My senior year of college, we had spring break the week of the St. Patrick’s Day parade.  We started out early (because when you’re 21 and in college, you can do that without a lot of repercussions, right?).  We headed to the first Irish bar we could find along the parade route and had a Guinness.  I had been legal for less than a year and still thought drinking in the morning was a delightful treat rather than a surefire way to a hangover by noon.
To be honest, the parade paled in comparison to the people watching, people meeting, and beers that followed.  Somehow by 6 p.m. we were still standing and had been bought dinner by a very nice group of firefighters, or were they police officers, I’m not sure…but whatever that’s not the point of my story.  It was a memorable St.
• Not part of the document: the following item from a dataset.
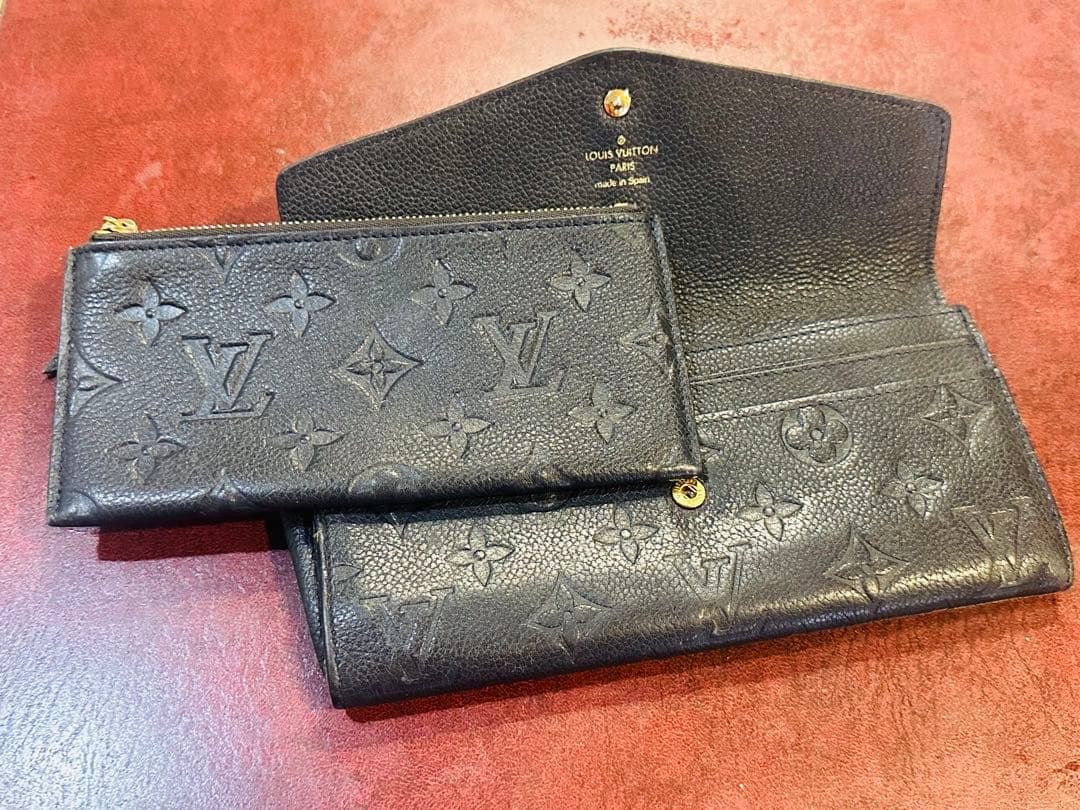 Louis Vuitton ブラックレザー長財布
Patrick’s Day, that’s what I do remember.  That and the beer.  This dessert brings back those memories, and the stout, but in a more manageable and maybe even more delicious way!
Chocolate, Stout, & Pretzel Truffles (adapted from Sprinkles Bakes)
Serves:  8 (16 truffles)
1-12 ounce bottle Milk Stout (or Guinness)
10 ounces dark chocolate chips (1 bag)
1/2 cup softened unsalted butter, cut into 1 inch pieces
3/4 cup finely crushed pretzels
3/4 cup crushed pretzels

In a medium saucepan, add 1/2 cup of the Milk Stout.  Set aside.   In a small saucepan, pour the remaining Milk Stout.  Bring the Milk Stout to a simmer over medium heat and cook for about 15 minutes, until the beer has reduced to only 3 tablespoons.  Remove from the heat.

Meanwhile, add the chocolate chips to the reserved Milk Stout.  Heat the mixture over low heat and cook until the chocolate begins to melt (about 3-5 minutes).  Slowly stir with a whisk to blend together.  When the mixture is smooth and the chocolate is fully melted, add the 3 tablespoons Milk Stout that has been reduced, stir in the finely crushed pretzels.  Pour this mixture into a large bowl and cover.  Refrigerate until firm (about 2-3 hours, depending on the size of the bowl, or overnight).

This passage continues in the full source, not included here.